Tuesday, December 3rd, 2019 00:00 | By
Workplace. Photo/Courtesy

John Otini

Kenya still ranks among countries with extremely unequal workplaces with most women pushed to non-core functions such as human resource, legal and communications, global consulting firm McKinsey says.

Despite Kenya’s significant progress in appointing more women executives in the top positions, there are few women in core operations such as finance, strategy and risk.

This is where key decisions are made to determine the future of the company.

Executive committees

In a stinging attack, the report says most of the women in executive committees have staff rather than line roles that matter for succession and from which chief executives normally come from.

The report titled the Power of Parity, Advancing Women’s Equality in Africa, assigns Kenya 49 per cent in gender equality at work compared to 60 per cent for Burundi and 67 per cent for Botswana.

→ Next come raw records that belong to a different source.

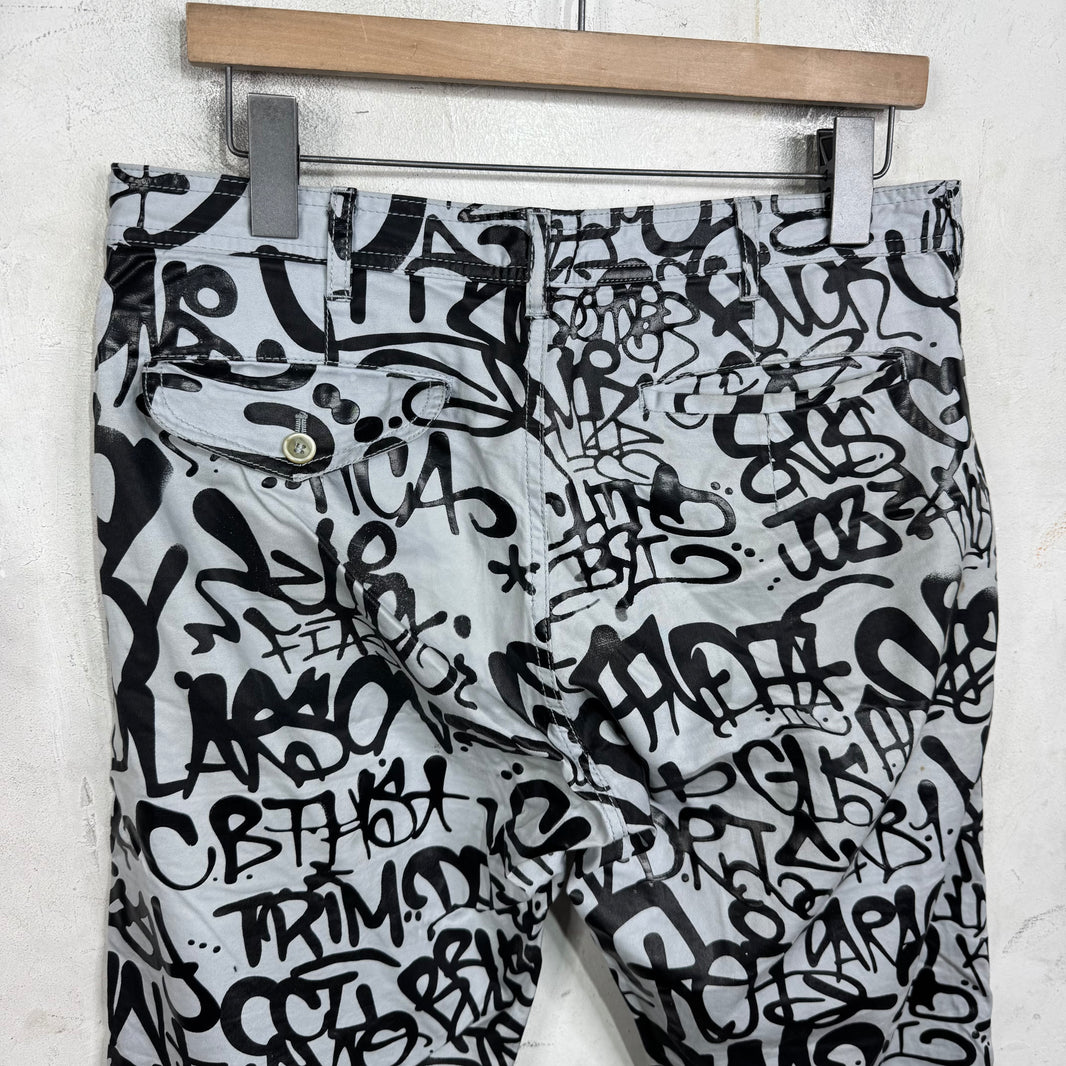 CDG Printed Script Trousers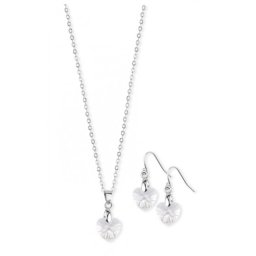 Set minđuše i ogrlica - srce - ljubičasta ( ART001845 )
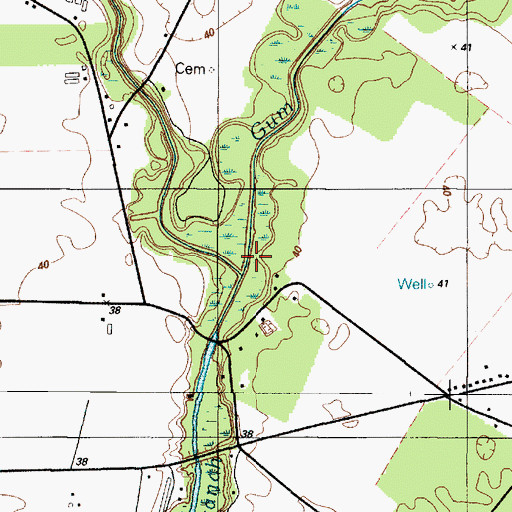 Topographic Map of Toms Dam Branch, DE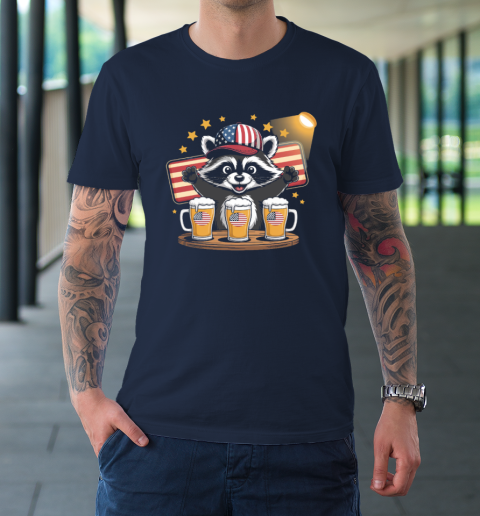 Raccoon red white and brew Funny Independence Day 4th of July T-Shirt 2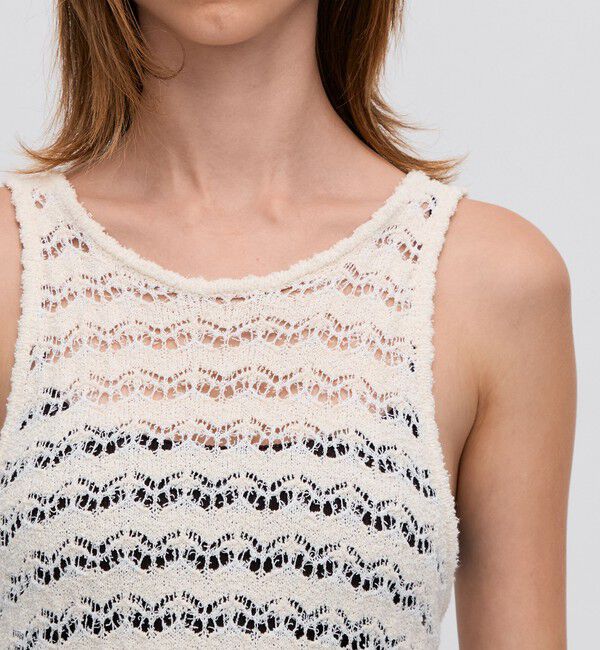 BACCA「パイルレース ノースリーブロングドレス」|ワンピース|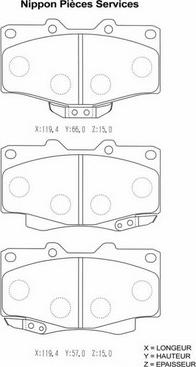 NPS T360A54 - Kit pastiglie freno, Freno a disco autozon.pro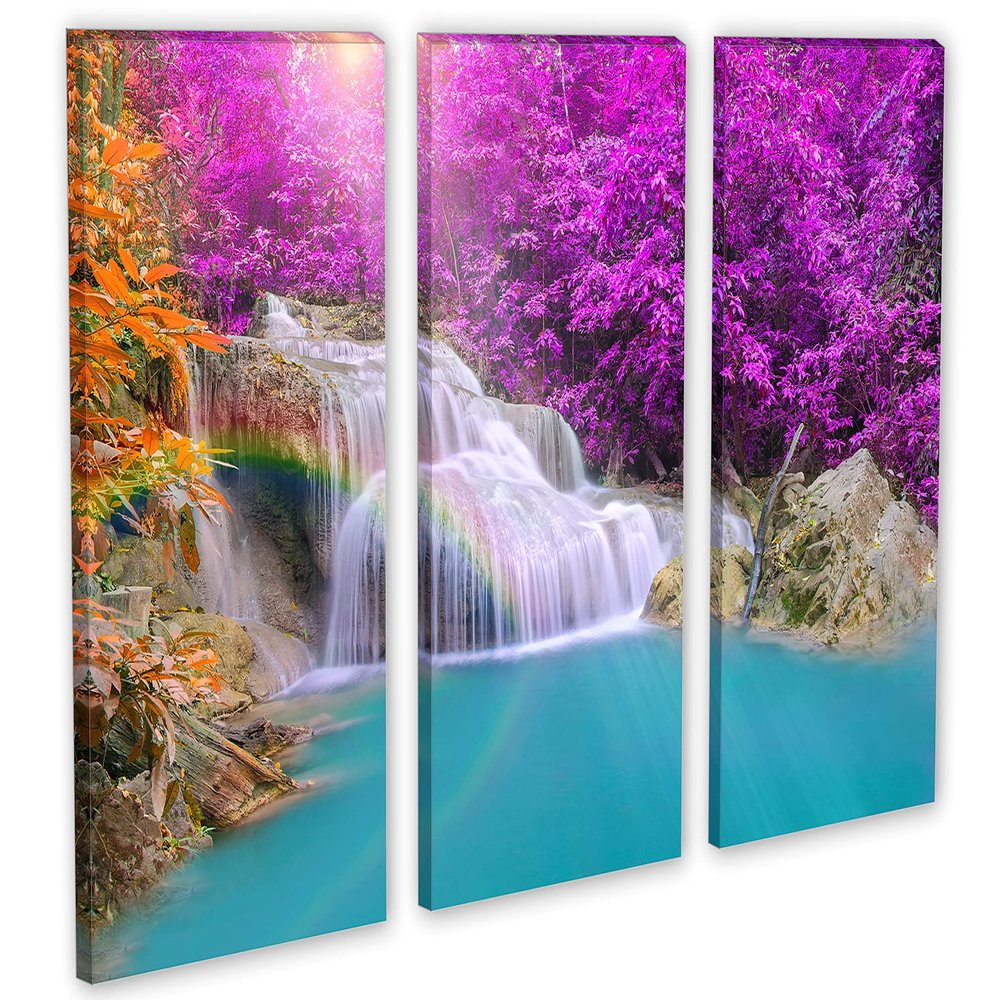 48 x 32 TOTAL - Cascading Forest Waterfall Canvas Print Wall Art. 3 Panel Split, Triptych decor, interior design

“People in staff roles have less influence on the strategic direction of companies, including any effort to further gender equality,” the report says.

Human resource, legal and communications can be outsourced making them secondary operations.

With a female population of 25 million out of the total 47 million, the report says that Kenyan and African companies are short-changing themselves.

“Organisations that do not embrace diversity are shortchanging themselves and their shareholders. Your leadership structures should reflect your customer base,” the firm said in the report published last week.

Even though Kenya scores high in labour force participation at 92 per cent, most of the women work in the informal sector.